Mitt Romney once speechified: "Internationally, President Obama has adopted an appeasement strategy. He believes America's role as leader in the world is a thing of the past. I believe a strong America must - and will - lead the future." John McCain's intentions regarding Iran weren't at all subtle either.

If only our president could be more like Nixon and Reagan who "appeased" the Chinese and the Soviets respectively but called it "iron will" or some such. 


Schoolchildren study the post-war (WWII - they do tend to run together) memories of Neville Chamberlain and the fate of caving in to an expansionist dictator.

It's a story told as though that attempt to make deals was an obvious mistake that even minute levels of circumspection could have avoided. I'm not here to argue differently, in fact it is so stipulated, because 20/20 hindsight is such a powerful thing.

Negotiation being akin to appeasement, British refusal to share revenues from the Anglo-Iranian Oil Co. led to deposing Mossadeq (a joint venture with our CIA) and the installation of the Shah in 1953. A joint Israeli-French-British invasion of Egypt in 1956, in lieu of a 15 year transition to sovereignty over the Suez Canal for the newly created republic was sold to home audiences to a large degree with cries of Munichism. Though thwarted eventually by US and UN pressure, the canal was made impassable for a time and the whole operation gave the Soviets cover to invade Hungary and provided them an entree into Middle Eastern affairs, to the detriment of western interests.

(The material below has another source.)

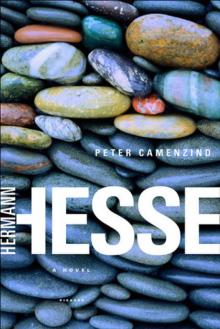Peter Camenzind Peter Camenzind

Subscribers to the domino theory, which caught fire and led to lines in the sand in SE Asia in the sixties, used that hyper-volatile word to cause the Vietnam War, because it was made to seem unfathomable that anti-colonialism there was at all related to our own history in that regard.

And who can forget Dick Cheney and the cabal, spooking legislators into going along with the preemptive invasion of Iraq, using words which only hinted at what Huckabee felt comfortable blurting. Oven doors indeed! 


Today's news and many more to come will be stuffed to the gills with Congresspersons lecturing our secretary of state (a Vietnam veteran) and our president on the dangers of not resolving to go to war yet again, which is all a better deal can possibly be about. Because trusting but verifying can only be coherent if a Republican advocates them.

Remember the lessons of Munich, they demand, as though they had already attained such clarity of retrospection. The rest of us know, of course, that claims to know the future are the fruits of madness and nobody in favor of the treaty could have the level of certainty with which to counter them. Which is why the merits of the Iran negotiations will inescapably be hard pressed to enter the thought processes of those with minds made up to be, first and foremost, anti-appeasers. Minds so made up as to make reading the treaty's provisions unnecessary before denouncing it into the nearest media receptacle.

The savvy reader can always just do a simple search for the White House's "Historic Deal that Will Prevent Iran from Acquiring a Nuclear Weapon." It addresses the most common concerns in plain language. Sans the feck.